• Task directions: Could you transcribe every record below exactly as it stands?

START Data excerpts

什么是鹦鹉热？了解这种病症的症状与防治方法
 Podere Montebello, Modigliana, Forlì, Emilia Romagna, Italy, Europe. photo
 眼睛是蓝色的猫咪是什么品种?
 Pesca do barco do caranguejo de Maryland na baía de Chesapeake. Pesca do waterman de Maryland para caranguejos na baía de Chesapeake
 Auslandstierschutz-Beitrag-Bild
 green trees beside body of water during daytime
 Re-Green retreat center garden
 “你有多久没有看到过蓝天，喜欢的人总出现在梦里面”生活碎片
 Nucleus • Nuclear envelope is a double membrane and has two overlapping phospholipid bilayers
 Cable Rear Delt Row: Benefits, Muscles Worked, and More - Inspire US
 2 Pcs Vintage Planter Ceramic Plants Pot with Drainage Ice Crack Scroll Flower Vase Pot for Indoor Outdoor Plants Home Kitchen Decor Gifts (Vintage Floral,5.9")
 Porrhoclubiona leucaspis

END Data excerpts

• Written solution:
什么是鹦鹉热？了解这种病症的症状与防治方法
 Podere Montebello, Modigliana, Forlì, Emilia Romagna, Italy, Europe. photo
 眼睛是蓝色的猫咪是什么品种?
 Pesca do barco do caranguejo de Maryland na baía de Chesapeake. Pesca do waterman de Maryland para caranguejos na baía de Chesapeake
 Auslandstierschutz-Beitrag-Bild
 green trees beside body of water during daytime
 Re-Green retreat center garden
 “你有多久没有看到过蓝天，喜欢的人总出现在梦里面”生活碎片
 Nucleus • Nuclear envelope is a double membrane and has two overlapping phospholipid bilayers
 Cable Rear Delt Row: Benefits, Muscles Worked, and More - Inspire US
 2 Pcs Vintage Planter Ceramic Plants Pot with Drainage Ice Crack Scroll Flower Vase Pot for Indoor Outdoor Plants Home Kitchen Decor Gifts (Vintage Floral,5.9")
 Porrhoclubiona leucaspis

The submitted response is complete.